Happy birthday to the beloved children’s writer—and the voice in the ears of editors everywhere—E.B. White!
A regular essayist for the New Yorker for half a century, White is best remembered for three remarkable books: Stuart Little, Charlotte’s Web, and The Trumpet of the Swan. Generations of parents and children have cherished these stories because of White’s understanding that complex emotion is not just for grownups; his animal characters are joyful and sad, terrified and angry, deeply loving and totally confused.
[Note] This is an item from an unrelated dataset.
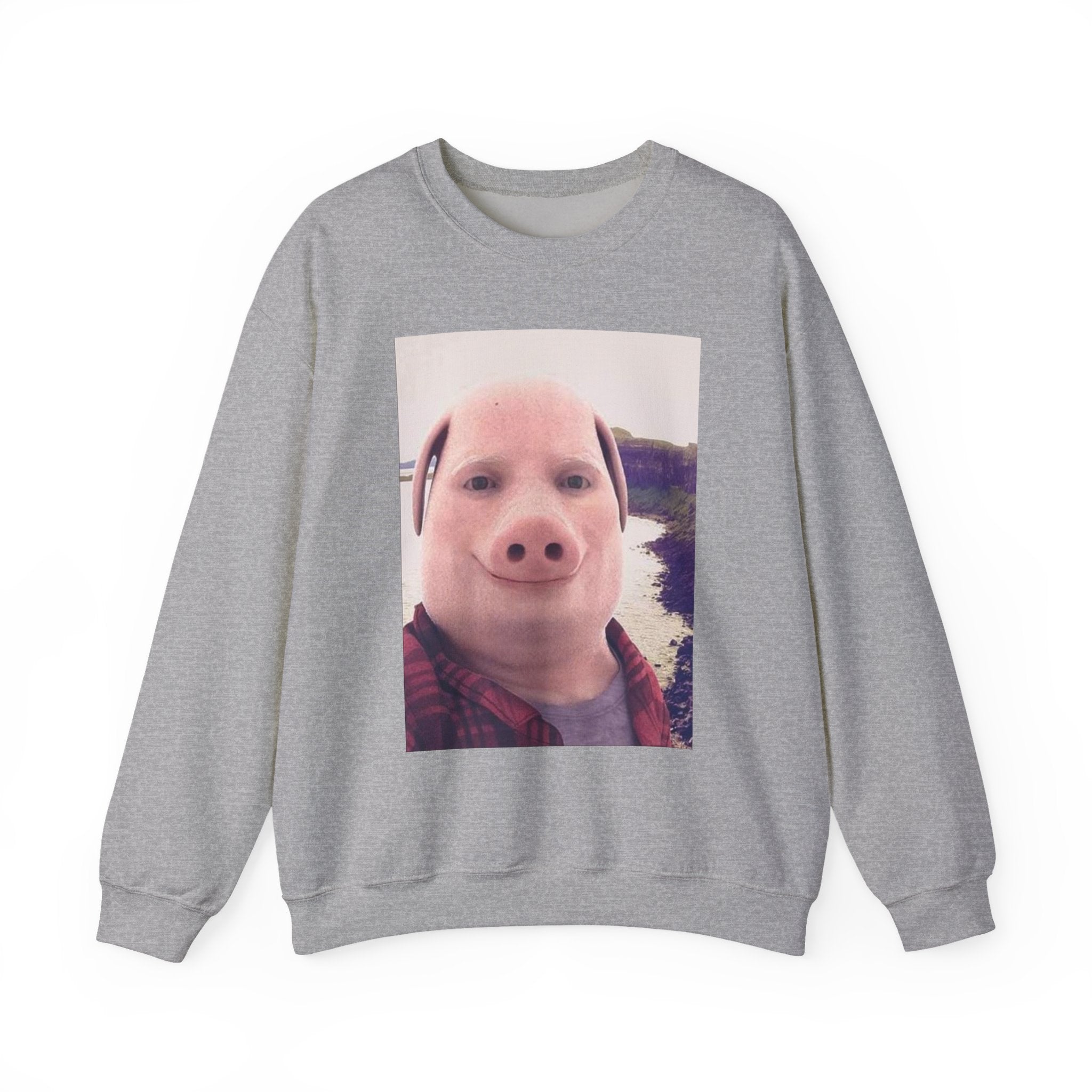 Crewneck Sweatshirt — Funny Pig Face Photo Print Pullover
Today, we’re remembering why these books are just as important today as they’ve ever been.
Stuart Little written by E.B. White and illustrated by Garth Williams
Stuart Little, a child who looks like a mouse, lives with his human parents in a New York apartment; they are a loving and happy family, with the exception of Snowbell the housecat, who struggles with the instinct to eat Stuart. The family perseveres through the difficulties that come from raising such a special child, and Stuart survives a number of adventures before meeting and befriending an injured bird named Margalo. When Margalo disappears, chased off by unfriendly neighborhood cats, Stuart embarks on a journey to find his lost love. In a more typical children’s story, the pair would be reunited and live happily ever after, but Stuart Little ends on a poignant, ambiguous note, leaving readers to imagine an ending for themselves.
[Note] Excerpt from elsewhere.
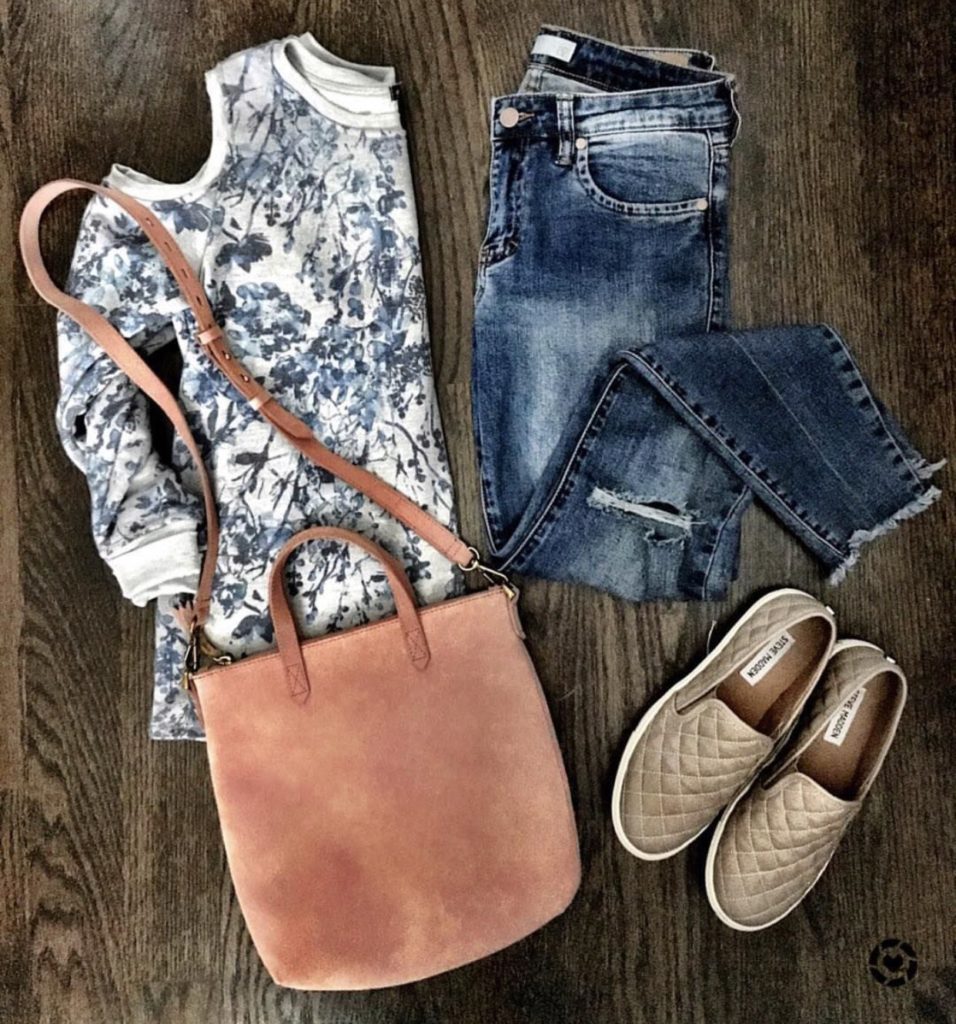 bobeau floral cold shoulder sweatshirt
Charlotte’s Web written by E.B. White and illustrated by Garth Williams
One of the bestselling and most-loved children’s books in the English language is also one of the most sad—a story about love, grief, and the passing of one generation to the next. Wilbur is a young pig who is terrified of dying—which he knows is the fate of all the pigs on his farm. His barnyard comrades offer different viewpoints on life and death, but it is Charlotte the spider, a killer herself, who hatches the plan to save Wilbur’s life by making the humans think he is special. The child who has stayed up at night worrying about the future, or who has been afraid of things they can’t understand, will identify with Wilbur, and the parent who has sacrificed for their child will see themselves in the selfless and tragic Charlotte.
The Trumpet of the Swan written by E.B. White and illustrated by Edward Frascino
A story about a child growing up with a disability and his caregivers’ efforts to help him follow his dreams. In this case, the child is a swan named Louis who cannot speak; in a quest to make his voice heard, he pursues a career as a trumpet player. As Louis’s music career takes him all over North America, we witness the many ways in which family and friends practice self-denial to support each other, and the compromises that society requires in order for us to achieve our goals and be with the people we love.